Required action:
Write every line below out again, exactly as given, but leave out the pictures.
** Opening Extracted material block **
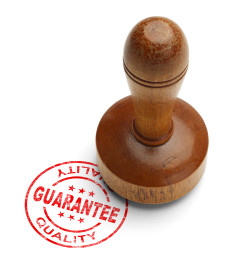 Red "quality guarantee" stamp with wooden stamper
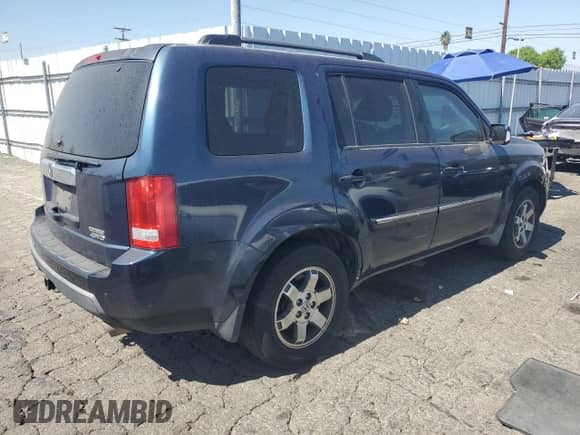 2009 Honda Pilot Touring with VIN 5FNYF488X9B041284, listed as a Copart auction lot 64602555 with 273,147 mi miles and Salvage title. Bid and sale history available at DreamBid. Image 3.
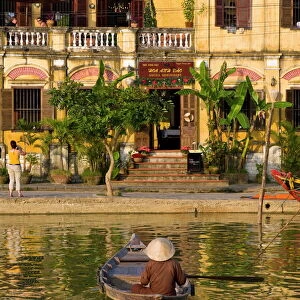 Traditionally dressed old man sitting in his little fishing boat, Hoi An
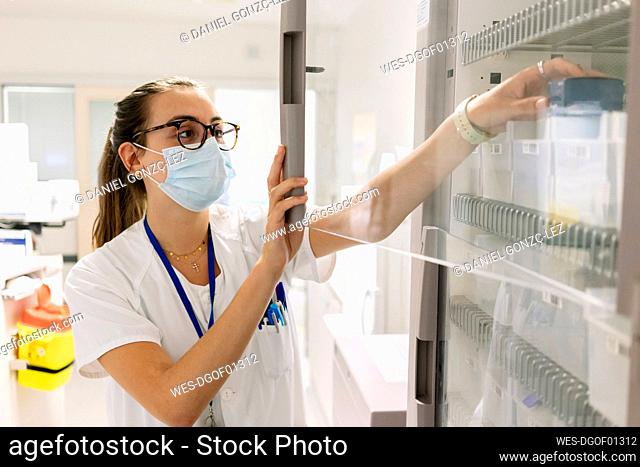 Female doctor taking medicines from cabinet in pharmacy at hospital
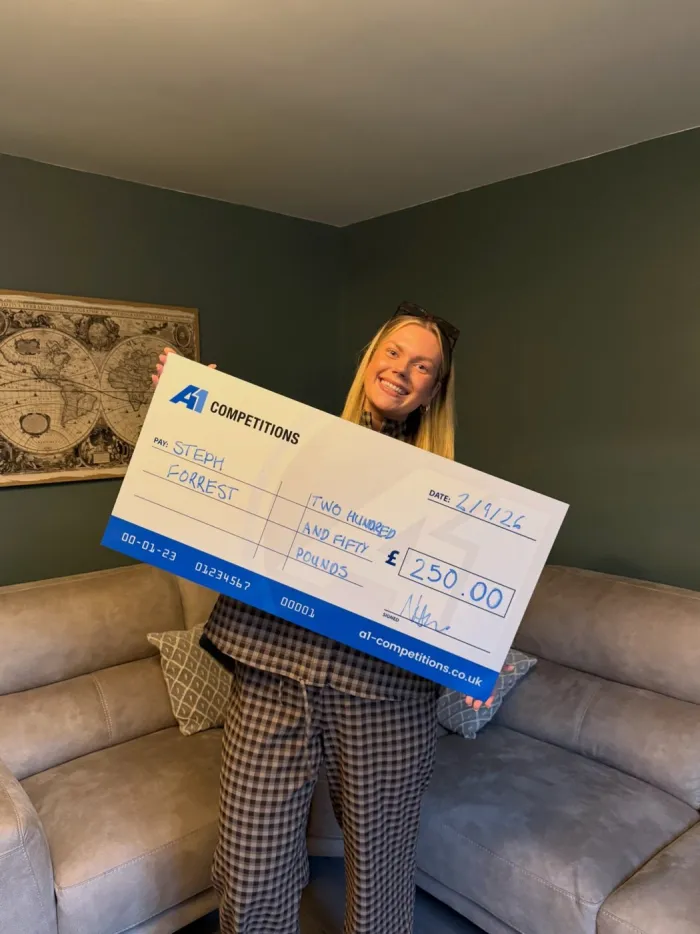 A1 Competitions winner holding a WINNER sign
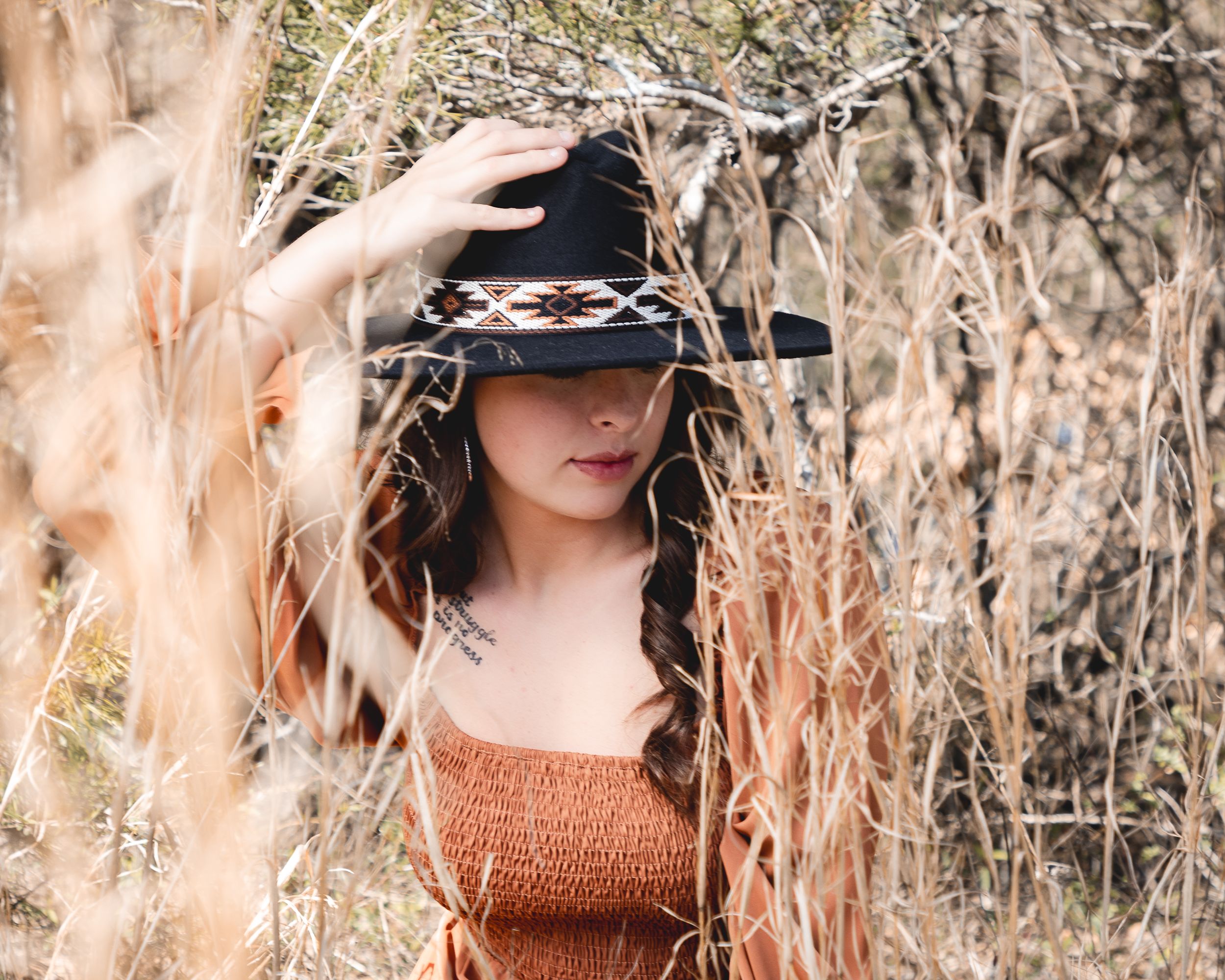 Artistic outdoor portrait series in a field of tall dried grass and natural lighting.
** Closing Extracted material block **
Response to this exercise:
 Red "quality guarantee" stamp with wooden stamper
 2009 Honda Pilot Touring with VIN 5FNYF488X9B041284, listed as a Copart auction lot 64602555 with 273,147 mi miles and Salvage title. Bid and sale history available at DreamBid. Image 3.
 Traditionally dressed old man sitting in his little fishing boat, Hoi An
 Female doctor taking medicines from cabinet in pharmacy at hospital
 A1 Competitions winner holding a WINNER sign
 Artistic outdoor portrait series in a field of tall dried grass and natural lighting.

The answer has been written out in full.